Once in the shower, the normal tingly sensation of hot water against cold skin quickly gave way to an incredible pain. Moments later, I felt my heartrate quickening and I started to hyperventilate. Nothing like this has ever happened to me before. I was breathing heavily, getting scared, and had to get out of the shower. I pulled on the shower door to no avail for several moments before realizing it opens outward. I turned the water off, exited the shower and took a seat on the bathroom floor.

While trying to massage the pain away I thought of two things. First, as I sat there with my bare ass on the floor of our master bath, I was thankful that we hadn't yet ripped out the carpeting and installed tile in the bathroom. Secondly, being a bit of an armchair mountaineer, I thought of all the stories of frostbite that I had read over the years. The pain, the discoloration, the "burned" appearance of the skin, and even the amputations. As my heartrate slowed and my breathing became more regular I was able to relax and stop worrying that something horrible was happening. My feet were cold, possibly near frostbite, and now they're warming. Slowly.

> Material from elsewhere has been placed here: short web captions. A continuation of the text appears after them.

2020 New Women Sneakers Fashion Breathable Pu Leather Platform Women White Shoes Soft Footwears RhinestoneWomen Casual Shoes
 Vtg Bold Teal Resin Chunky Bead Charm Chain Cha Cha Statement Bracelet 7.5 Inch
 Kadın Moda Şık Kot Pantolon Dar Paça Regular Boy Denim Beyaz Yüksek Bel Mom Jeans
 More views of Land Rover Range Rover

My mistake was trying to warm them too suddenly with the hot shower. I should have put on slippers and socks and walked around the house for a little while, perhaps with a cup of cocoa or tea, and let them thaw a bit. I had no idea how cold they were, but even now, fully dressed, sitting here writing about this nearly an hour later, a flex of my foot yields a pain that feels like icicle daggers are piercing through my Achilles tendon. It does not tickle.

Post-ride frostbite scare aside, the ride was good. Our group of four was down to two as the self-described "weather weenies" opted out. Robert, who I never met before but lives just blocks from me, and I descended off Snoqualmie Ridge to the falls, rode Millpond road for a mile to the Snoqualmie Valley Trail (which stretches from outside Seattle to Idaho) and then pedaled up to Rattlesnake Lake. WIth fishing season over, and the rain coming down, the lake was relatively vacant except for a few dog walkers. After a few minutes of enjoying the view, we turned around and headed back down. Robert was on his wife's bike since his doesn't have fenders so I got a bit ahead on the descent back along the SVT. At one point I rounded a bend at about 22 mph and almost ran straight into a pair of black-tailed deer. They were two does and they were really large. Bigger than the deer I see in the neighborhoods, and larger than those I saw on Orcas Island last week. The near-deer collision withstanding, the ride was relatively uneventful. The climb back onto the Ridge was a good way to finish off the ride and make us feel like we earned those 28 miles.

After writing this earlier today, we headed over to the Vietnamese restaurant for a big bowl of piping-hot pho soup and then headed over to the bike shop, where I promptly purchased winter shoe covers for my bike shoes and a front fender.